1. R. Shamasasatry, trans.
Kautila's Arthaśāstra. 8th ed.
Mysore: Mysore Printing and Publishing House, 1967.
See footnote 4, page 121.
2. T. W. Rhys Davids.
On the Ancient Coins and Measures of Ceylon.
London: Trübner and Company, 1877.
264. When she learned from afar [at a place] where more than one Yojana yet remained of her way [to Narapura], that her brother had accomplished his work, she left that hail of stones among the villages.
265. For five Yojanas from that place the village-land became a waste buried under mighty boulders, and known to this very day as the Ramaṇyātavi ('the forest of Ramaṇyā').

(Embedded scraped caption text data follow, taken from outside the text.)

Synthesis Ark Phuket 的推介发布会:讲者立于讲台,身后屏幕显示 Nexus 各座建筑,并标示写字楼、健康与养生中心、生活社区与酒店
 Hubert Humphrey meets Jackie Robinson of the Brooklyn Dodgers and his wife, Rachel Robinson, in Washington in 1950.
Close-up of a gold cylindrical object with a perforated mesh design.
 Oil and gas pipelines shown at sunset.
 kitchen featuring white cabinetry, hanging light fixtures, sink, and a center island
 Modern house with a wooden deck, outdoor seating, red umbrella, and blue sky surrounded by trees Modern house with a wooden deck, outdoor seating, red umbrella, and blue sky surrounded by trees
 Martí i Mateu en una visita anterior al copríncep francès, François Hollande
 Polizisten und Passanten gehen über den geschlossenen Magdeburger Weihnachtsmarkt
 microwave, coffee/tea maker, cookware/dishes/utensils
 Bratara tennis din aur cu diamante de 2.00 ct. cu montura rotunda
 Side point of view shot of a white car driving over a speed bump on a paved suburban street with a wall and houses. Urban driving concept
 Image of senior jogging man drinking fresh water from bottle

[Footnote to verses] 263-265. ...In the stony waste above Litar I recognize the place where, according to our verse, the Ramaṇyā is supposed to have dropped her stones. The distance between it and Tsakadar is about eight miles, which corresponds exactly to the expression of the text...
The 'five Yojanas' which the next verse mentions as the length of the ground laid waste by the Ramanyatavi, seems a less accurate measurement. From above Hura por to the locality near Litar above indicated the map shows only a distance of about twenty-two miles, which is considerably less than the five Yojanas, or twenty Krosas of verse 265. The modern Kruh (Kōś) of Kasmi is about one and a half miles, and to judge from the evidence of vii. 393, and of Bilhana's measurement, Vikram. xviii. 70, the ancient Krośa in Kasmir could not have been less.
393. Full of energy, he accomplished the [way of] five Yojanas in half a moment by spurring on his steed which was as fast as thought.
[Footnote to verse] 393. The direct distance by road from S'ringar to Vijebror is about thirty miles. This corresponds exactly to five Yojanas or twenty Krośas, if the Krośa is taken at the usual valuation of the modern Kaśmiri Kruh (Kōś) as equal to one and a half miles; comp. note i. 265
M. A. Stein, trans.
Kalhana's Rajatarangini. A Chronicle of the Kings of Kasmir. Vol. 1.
Delhi: Motilal Banarsidass, 1961.
Reprint of the 1900 edition.
These footnotes of Sir Aurel Stein's have often been described as if Stein had made precise measurements of distances with somewhat precise endpoints, in the manner of modern studies of, for example, the stade. As can be seen, that is not the case.